■組織学習軽視 / 組織学習を実践
おやじ 若い者の方が表現力があるのは、当然だろう、それぐらいのことは上司をサポートしてやってもいいんじゃないのか。われわれの年代で部長以上の人間で、文章を自分で書いている人間なんてほとんどいないぞ。仕事は部下にどんどん降ろしていくのが管理職の正しい態度だからな。部下に訓練の場を与えてやらなければ。
昔から、「駕篭に乗る人担ぐ人、そのまた草鞋をつくる人」と言って、人間地位が上がっていくと素直にカゴに乗って担がれるのが正しい姿だとされているんだ。トップがのこのこ出てきて、具体的な自分のアイデアを説明したりしたら、部下が迷惑するだろう。
若造 そうかといって、部下が出してくる新しい提案を取り上げるわけではないんだよね? 提案の中身が理解できないので、つぶすか丸めるか歪めることでしか自分の存在感を示せないわけだから。それじゃあ邪魔以外の何でもないんだよ。
あのね、ビジネスマンはゼニカネの計算さえできればいいというわけではないと思うんだ。そのゼニカネを生むのはビジネスモデルであり、どんなビジネスモデルも個人の頭の中からスタートしてるんだから、まずアイデアを構想してそれを人にきちんと説明できなければ何事も始まらないでしょう。つまり逆に言うと、新しいアイデアを産み出し実行する力を持っている人は、ちゃんと表現力を磨いてきている。そして何事でも、積極的に自分の考えを人に伝えようとするオープンな姿勢を持つ。
そしてそういうアイデアを自分でつくった経験のある人間だけが、部下が出してきた提案の価値をきちんと判断することができるはずなんだよね。「ここはいい」とか、「ここを直せ」「ここはこうした方がうまくいく」とか、そういう的確な指示をわれわれは待ってるんだけど。
おやじ そんなこと言われると、オレの同期の人間なんかは、そんな新しいビジネスを立ち上げるような手柄を立てた奴は誰もいないんじゃないかな。

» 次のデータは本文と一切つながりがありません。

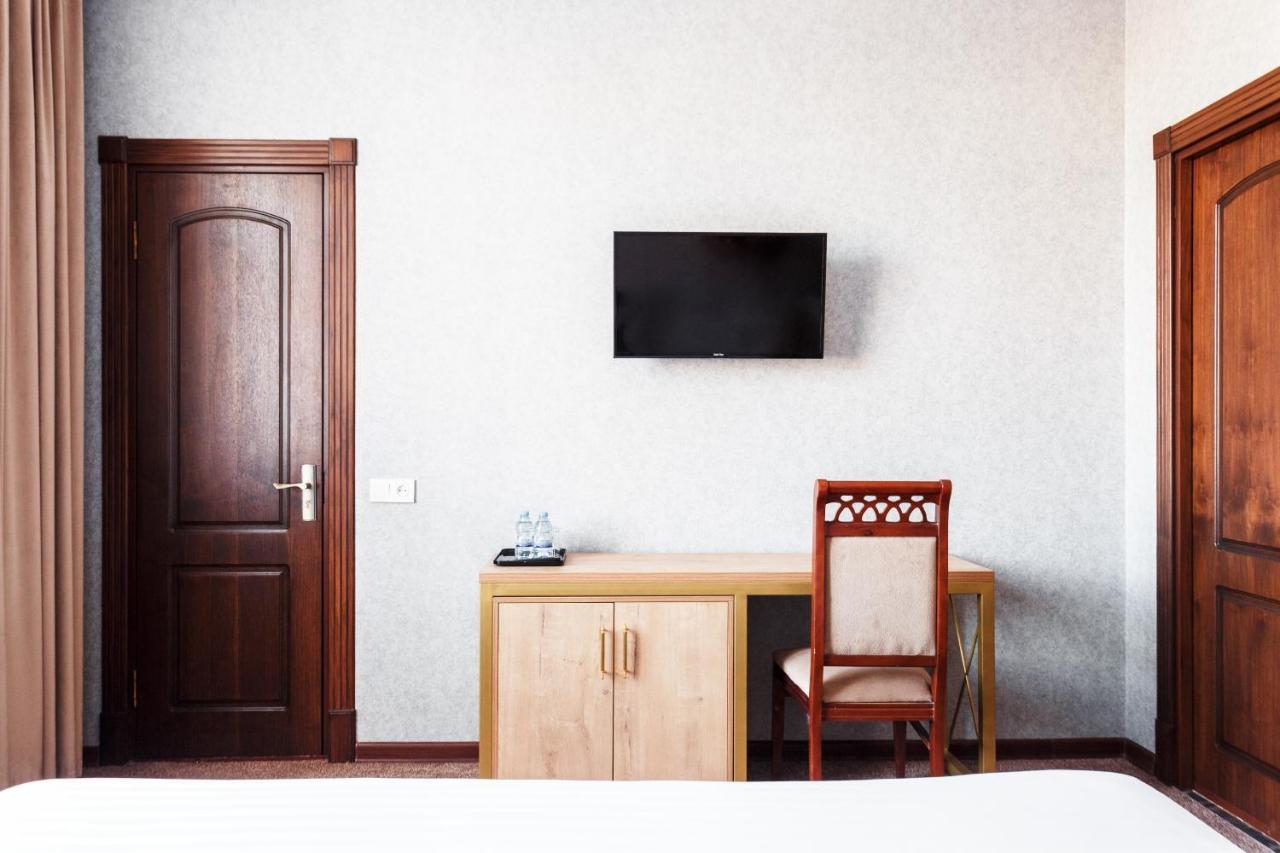 Western Suites Hotel Tasken Kültér fotó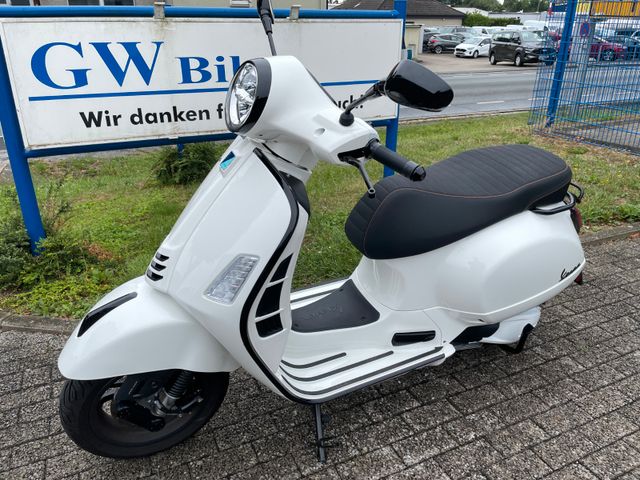 Vespa VESPA GTS 300 SUPERSPORT E5 VIELE EXTRAS Bild 4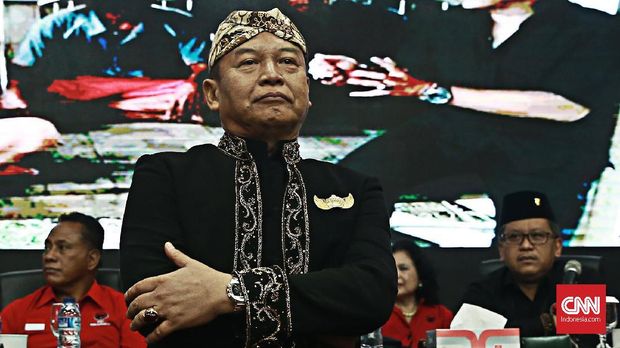 Survei Poltracking: Emil-Uu Unggul, Jagoan PDIP Paling Buncit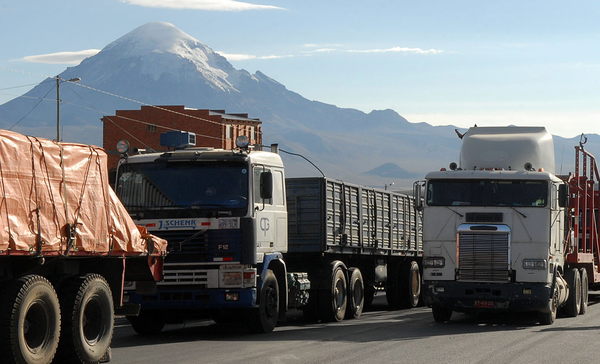 Transportistas bolivianos en paro por la reactivación de un tren de carga con Chile - MarketData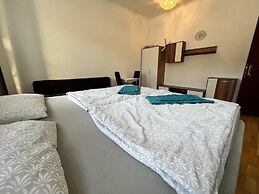 EasyStay 3BR shared Apt. Near Meidling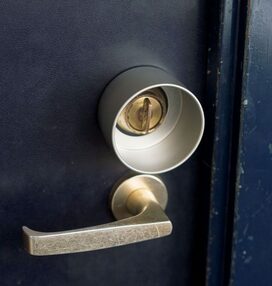 今年こそ自宅の防犯対策を！手軽に買える本格グッズ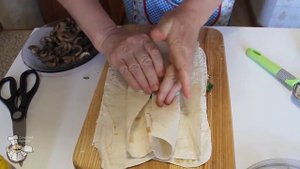 Конвертики из лаваша с грибами. Лаваш с грибами и луком.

若造 部下は上司をよく観察してるからね、上司の能力は部下には筒抜けなんだよ。だから「こいつには言ってもムダだ」と思ったら、もう部下は上司のところに情報を持っていかない。
おやじ それではますます、組織の情報力が弱くなってしまうじゃないか。
若造 それはおっしゃる通り。だけど情報力の大切さがわかってるんだったら、自分でデータベースに入力して情報共有するのはやって欲しいよね。そしてうまくいったことはみんなに伝えるし、失敗したら原因を分析して二度と同じ失敗をしないようにみんなで共有する、そういう値打ちのある情報をまとめてノウハウのレベルにまで高めるという組織学習を常に意識してい欲しいなぁ。
これは本当は、組織のトップが率先しなければならないのに、旧日本人は「仕事のノウハウを貴重なものとして伝えたり、学習したり、ノウハウを開発していこう」という姿勢にまったく欠けているからね。
「知」は価値をつくる元であり、企業の競争力の源泉なんだよ。